** Provided records follows **
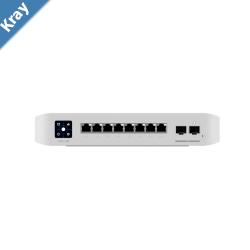 Ubiquiti UniFi Network Switch 8Port POE 120W 6 GbE PoE Ports 2 GbE PoE Ports 2 10G SFP Ports Layer 3 Wall Mount Incl 2Yr Warr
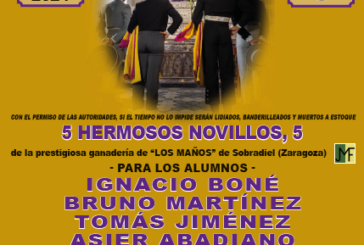 El navarro Bruno Martínez, en la plaza de toros de Huesca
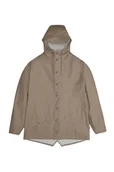 Kurtki damskie - Rains kurtka przeciwdeszczowa unisex JACKET 12010 17 TAUPE-S - miniaturka - grafika 1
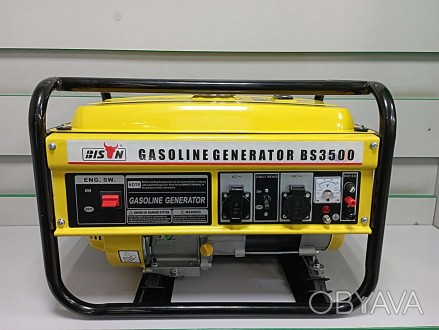 Генератор бензиновый Bison BS 3500 H практичное однофазное устройство для обеспе. . фото 1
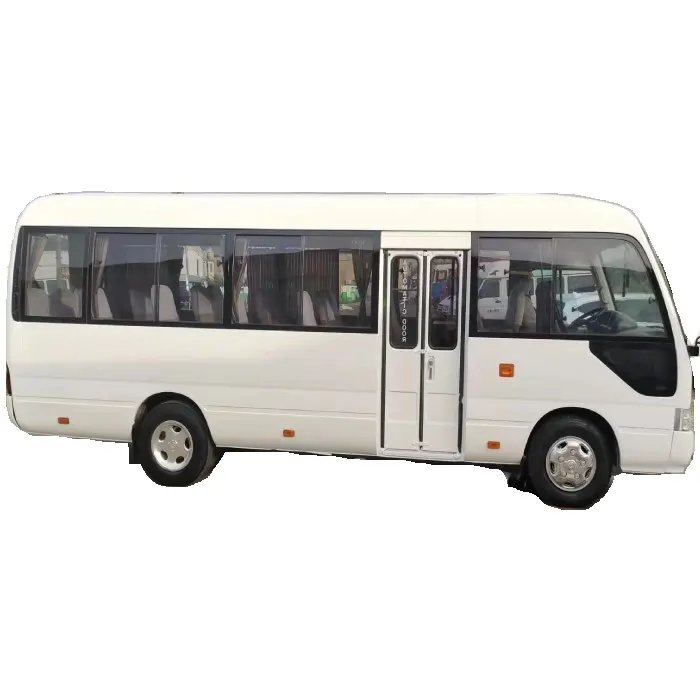 Toyota coaster bus low chilometri minibus usato in buone condizioni motore diesel per scuolabus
** End of Provided records **
- _Required work_
Print the material above once more, exactly. No pictures belong in it.

- _Exercise solution_
 Ubiquiti UniFi Network Switch 8Port POE 120W 6 GbE PoE Ports 2 GbE PoE Ports 2 10G SFP Ports Layer 3 Wall Mount Incl 2Yr Warr
 El navarro Bruno Martínez, en la plaza de toros de Huesca
 Kurtki damskie - Rains kurtka przeciwdeszczowa unisex JACKET 12010 17 TAUPE-S - miniaturka - grafika 1
 Генератор бензиновый Bison BS 3500 H практичное однофазное устройство для обеспе. . фото 1
 Toyota coaster bus low chilometri minibus usato in buone condizioni motore diesel per scuolabus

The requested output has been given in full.